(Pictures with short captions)
-- Opening Marker --

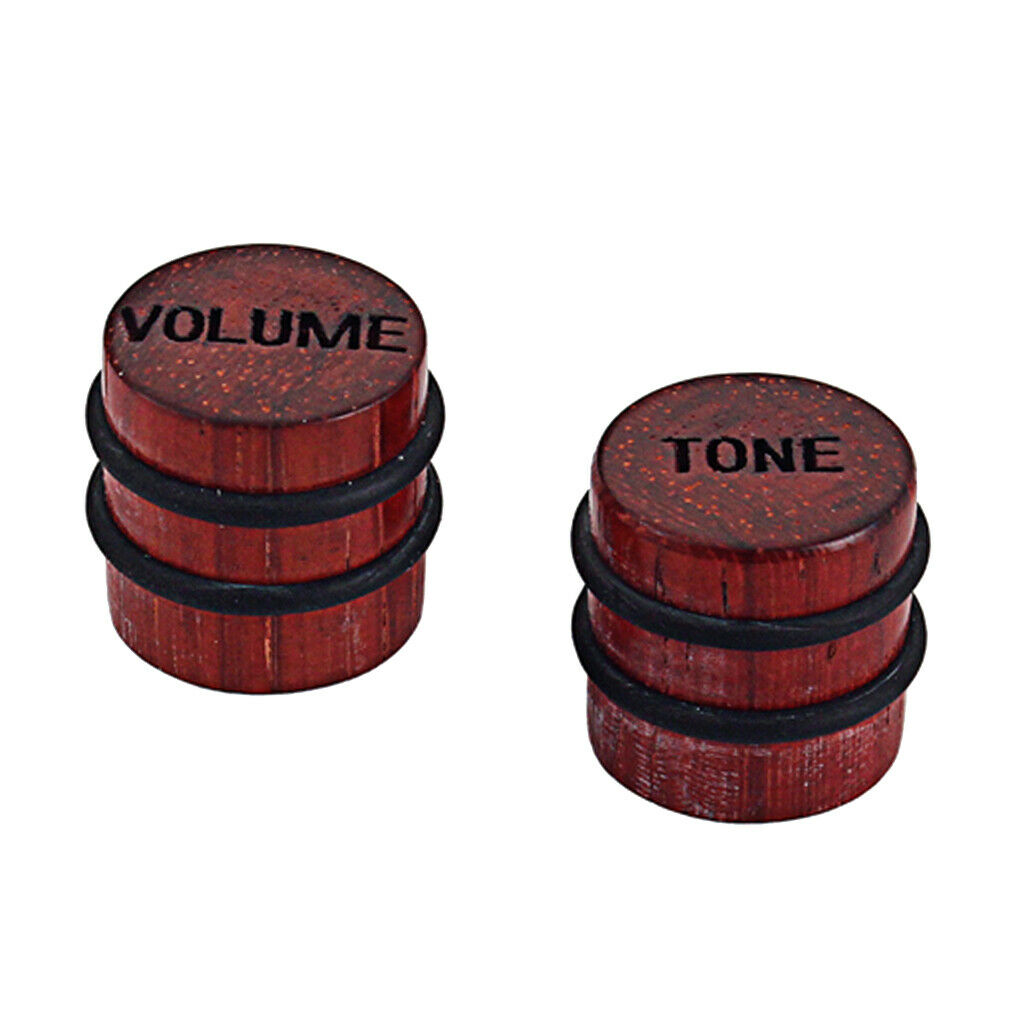 Set 2x Wooden Speed Control Knob for Electric Guitar Bass Accessories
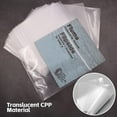 thumbnail image 4 of 7 Inches EP Vinyl Record Inner Sleeves and Outer Sleeves 100pcs Anti-Static Plastic Protective Sleeves for 45RPM Vinyl Record, Clear$$Furniture, 4 of 8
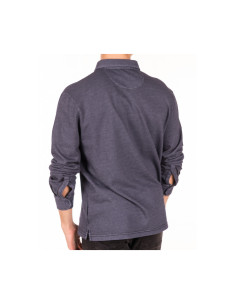 Polo manga larga tejido rayado UNNATI modelo 124117 2
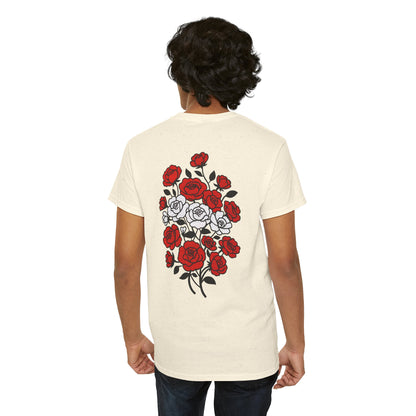 T-Shirt mit Blumen - Österreich (Druck hinten)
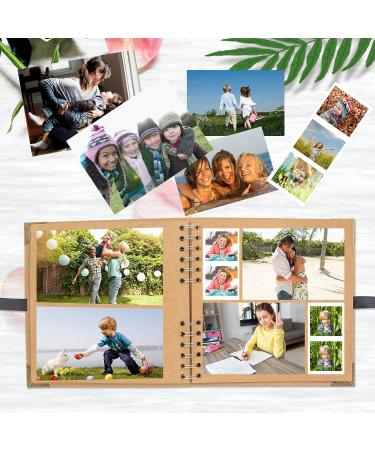8x8 Inch DIY Scrapbook Album - Perfect for Wedding, Anniversary, and Family Photos - Buy Online on SooperMarket.com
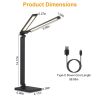 Desk Lamp with Wireless Charging USB Charging Port 5 Color 5 Brightness Eye-Caring Flexible Reading Lamp Foldable Time Setting Table Working Lamp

-- Closing Marker --

Return word for word the lines from the beginning of the entries through the line that contains "8x8 Inch DIY", both ends included, but no pictures.

 Set 2x Wooden Speed Control Knob for Electric Guitar Bass Accessories
 thumbnail image 4 of 7 Inches EP Vinyl Record Inner Sleeves and Outer Sleeves 100pcs Anti-Static Plastic Protective Sleeves for 45RPM Vinyl Record, Clear$$Furniture, 4 of 8
 Polo manga larga tejido rayado UNNATI modelo 124117 2
 T-Shirt mit Blumen - Österreich (Druck hinten)
8x8 Inch DIY Scrapbook Album - Perfect for Wedding, Anniversary, and Family Photos - Buy Online on SooperMarket.com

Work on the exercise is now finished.